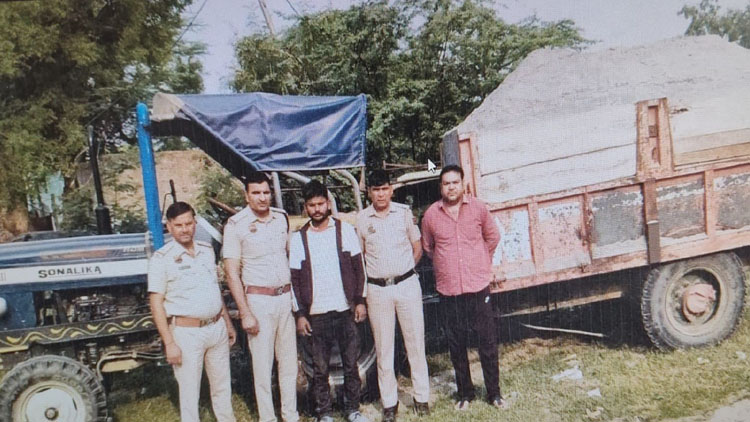 सोनीपत: मेहंदीपुर में एक ट्रैक्टर-ट्रॉली अवैध रूप से रेत ले जाते पकड़ा वान जब्त किया हुआ सोनीपत: मेहंदीपुर में एक ट्रैक्टर-ट्रॉली अवैध रूप से रेत ले जाते पकड़ा वान जब्त किया हुआ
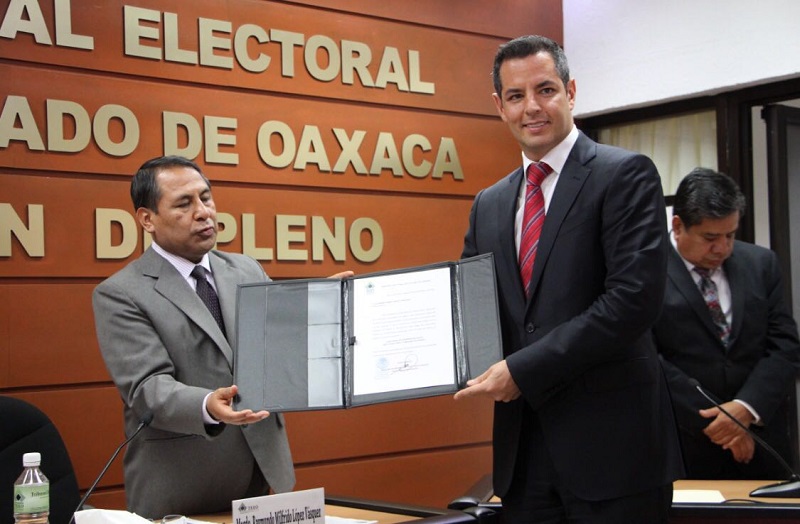 TEEO entrega constancia de gobernador electo a Alejandro Murat; ordena a Congreso emitir Bando Solemne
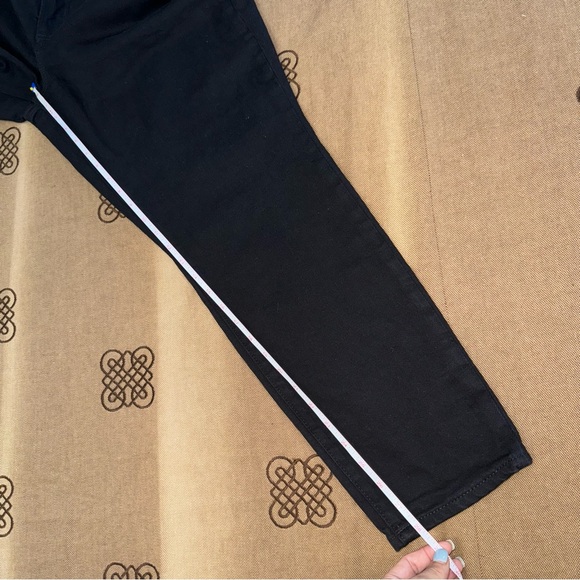 Old Navy NWT! Black Jack High-Waisted Secret-Smooth Pockets O.G. Straight Jeans - Picture 16 of 16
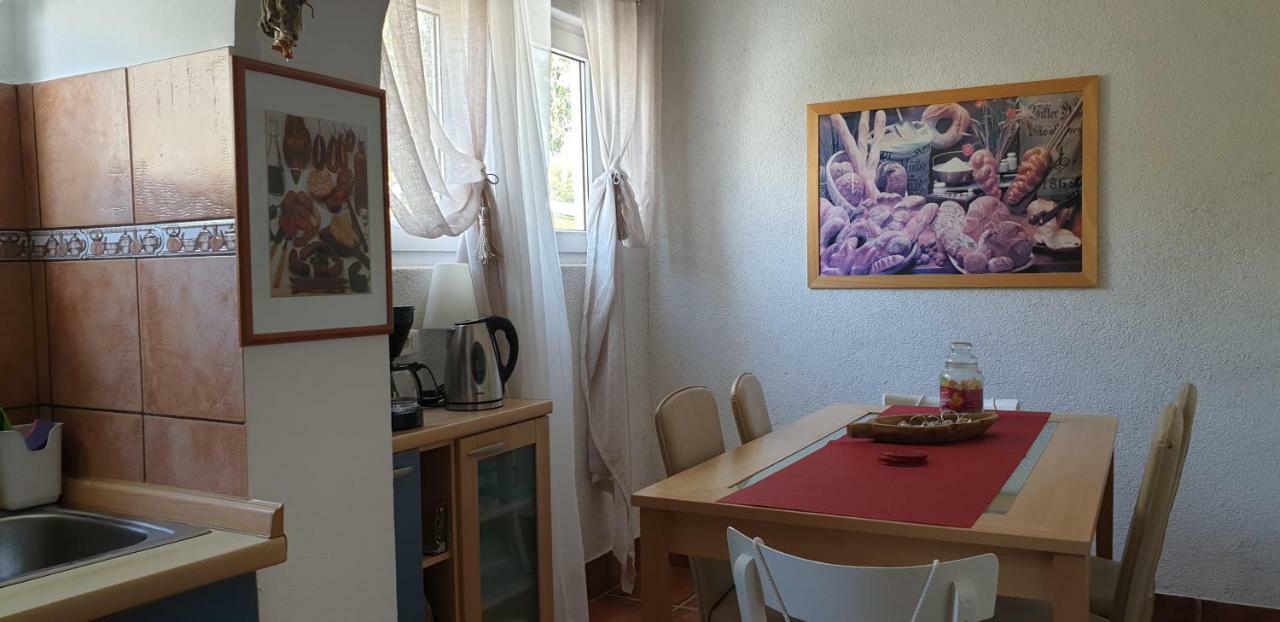Apartman Felice Starigrad Paklenica Esterno foto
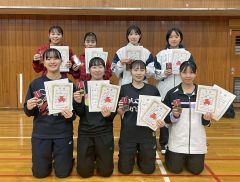 優勝の武下亜実（前列左）・石田朱里（前列左から２人目）組ら女子複の上位入賞者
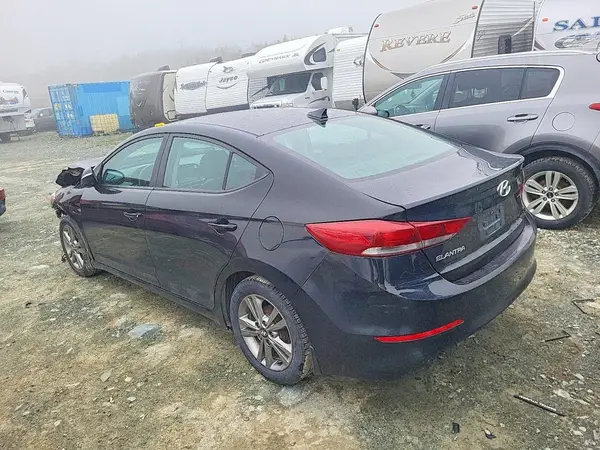 KMHD84LFXHU401475 2017 HYUNDAI ELANTRA - Image 2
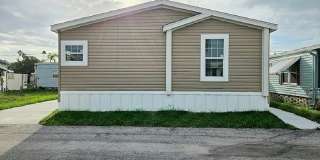7400 46th Ave. N Lot Gallery 1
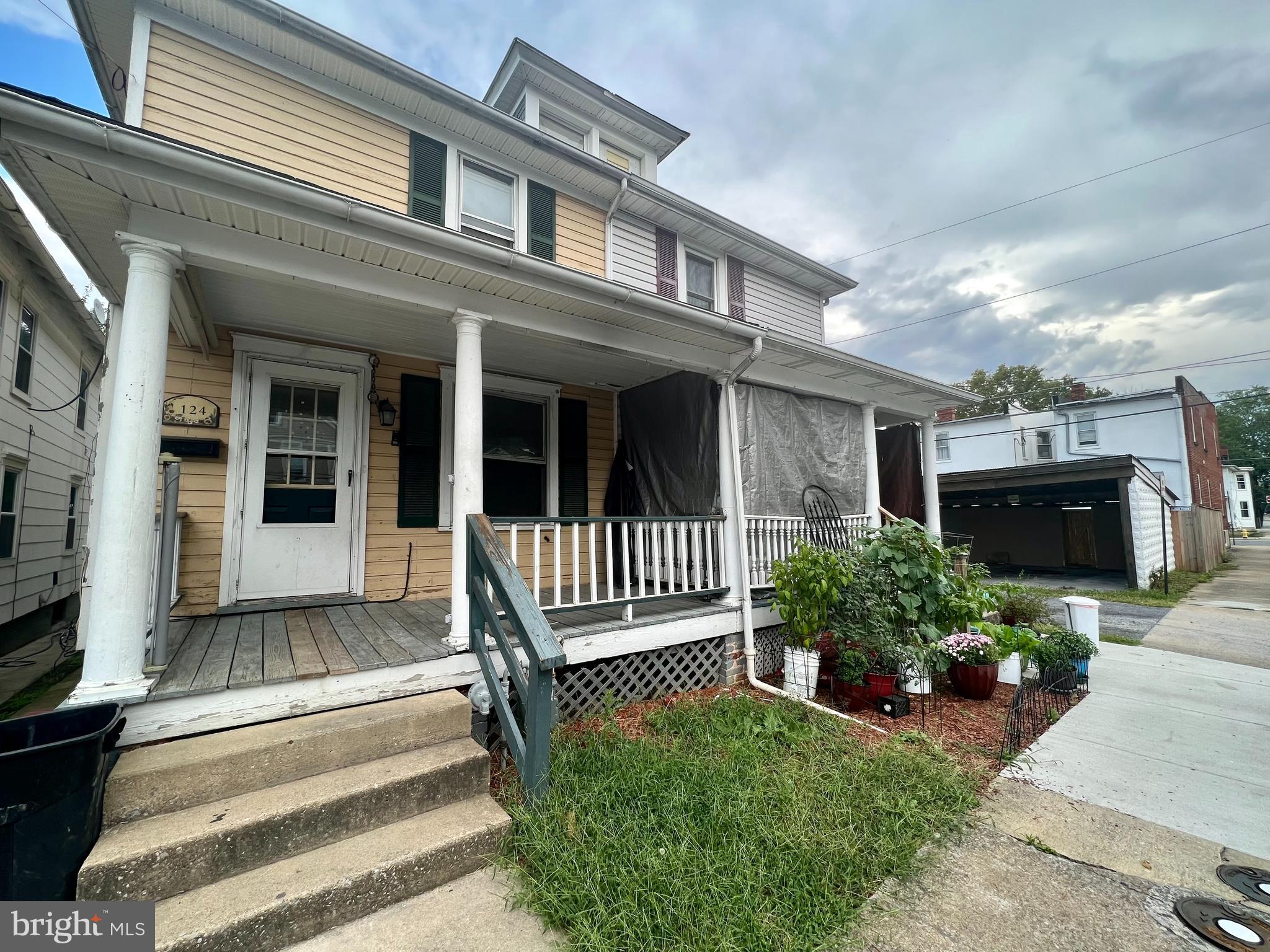 MARTINSBURG - Residential Lease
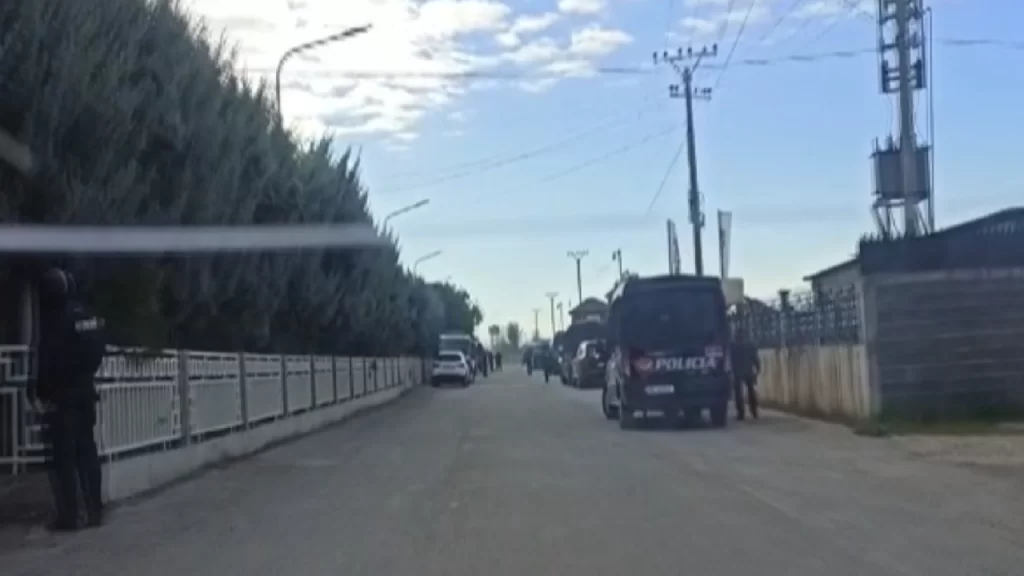 Merr flakë paneli elektrik në një pallat në rrugën e Elbasanit, dy persona dërgohen me urgjencë në spital. Një prej tyre i mitur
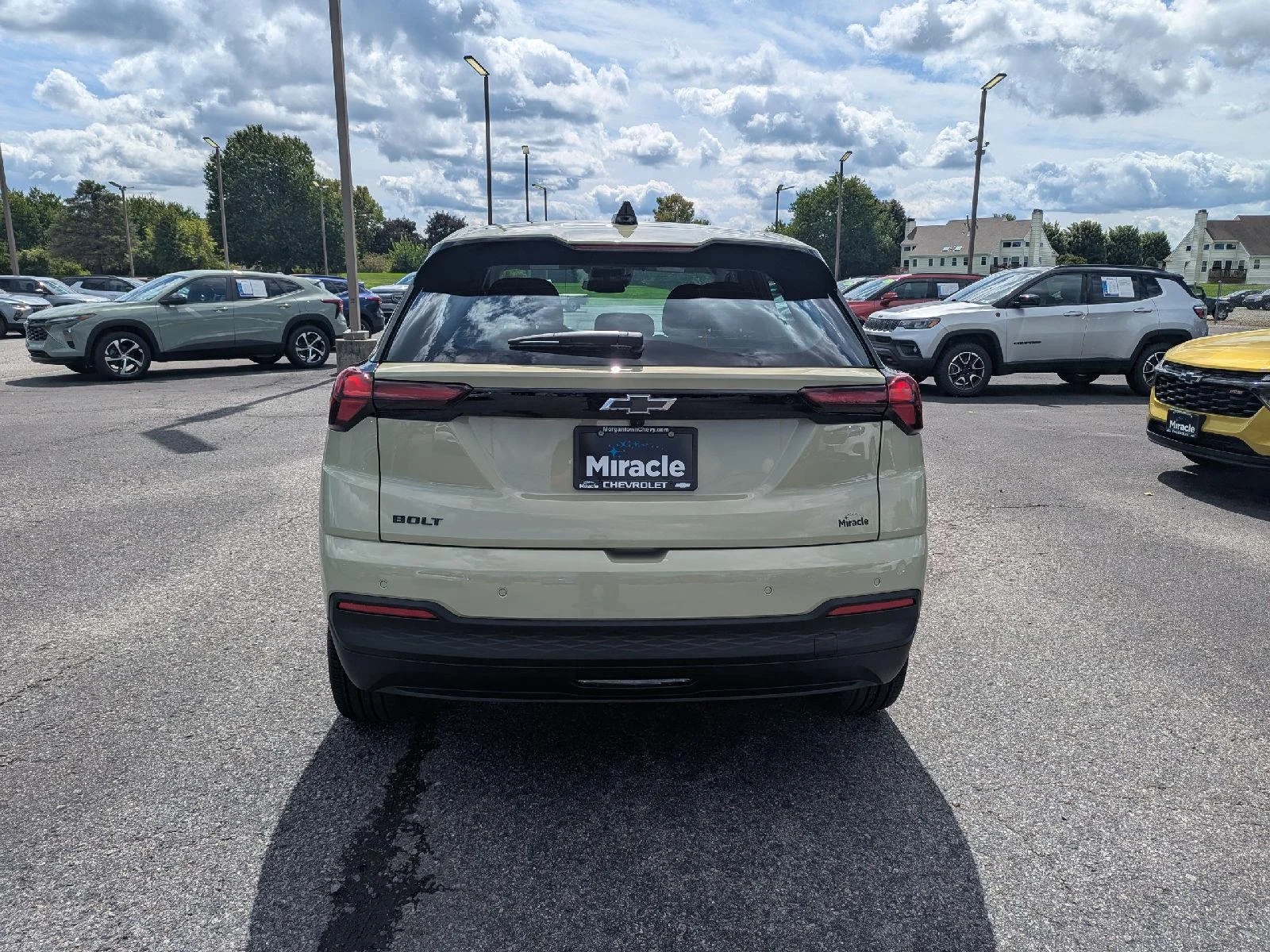 2027 Chevrolet Bolt LT - Photo 30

> [Directions for this task] Repeat exactly and only the lines from the one holding "7400 46th Ave. N Lot Gallery 1" through the final line of the entries; no pictures.

> [Written solution]
7400 46th Ave. N Lot Gallery 1
 MARTINSBURG - Residential Lease
 Merr flakë paneli elektrik në një pallat në rrugën e Elbasanit, dy persona dërgohen me urgjencë në spital. Një prej tyre i mitur
 2027 Chevrolet Bolt LT - Photo 30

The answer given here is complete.